- Born: 1987 (age 38–39) Al-Qurnah, Basra Governorate, Iraq
- Spouse: Married
- House: Bani Malik
- Father: Sabah Armash Al-Maliki
- Religion: Islam
- Occupation: Tribal leader, Politician

= Durgham Al-Maliki =

Iraqi politician

Durgham Sabah Abdul Mohsen Armash Al-Maliki (ضرغام صباح عبد المحسن عرمش المالكي; born 1987) is an Iraqi politician, tribal leader, and member of the Council of Representatives of Iraq representing Basra Governorate. He is known as a leader of the Bani Malik tribe in southern Iraq and is affiliated with the State of Law Coalition.

== Early life ==
Al-Maliki was born in 1987 in Al-Qurna, Basra Governorate, Iraq. He belongs to the Bani Malik tribe, one of the major Arab tribal groups in southern Iraq.

== Tribal leadership ==
Following the death of tribal leader Sheikh Sabah Armash Al-Maliki, Al-Maliki emerged as a leading figure within the Bani Malik tribe. Iraqi media outlets have referred to him as "Sheikh of Bani Malik" and "General Sheikh of Bani Malik" in coverage of political and tribal affairs in Basra.

== Political career ==
Al-Maliki was elected to the Iraqi Council of Representatives in the 2021 parliamentary election, representing Basra Governorate's fifth electoral district. He received 11,674 votes and entered parliament as part of the State of Law Coalition.
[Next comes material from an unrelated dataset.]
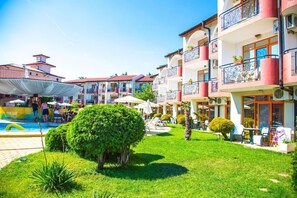 Exterior - Sunrise Complex Hotel (Nessebar)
He serves on the Parliamentary Committee for Oil, Gas and Natural Resources, participating in legislative and oversight activities related to Iraq's energy sector.

== Public positions ==
Al-Maliki has commented on issues concerning governance, public services, tribal affairs, and development in Basra Governorate. His statements on local administration and public policy have received coverage in Iraqi media outlets.

== Personal life ==
Al-Maliki is married and holds a diploma qualification.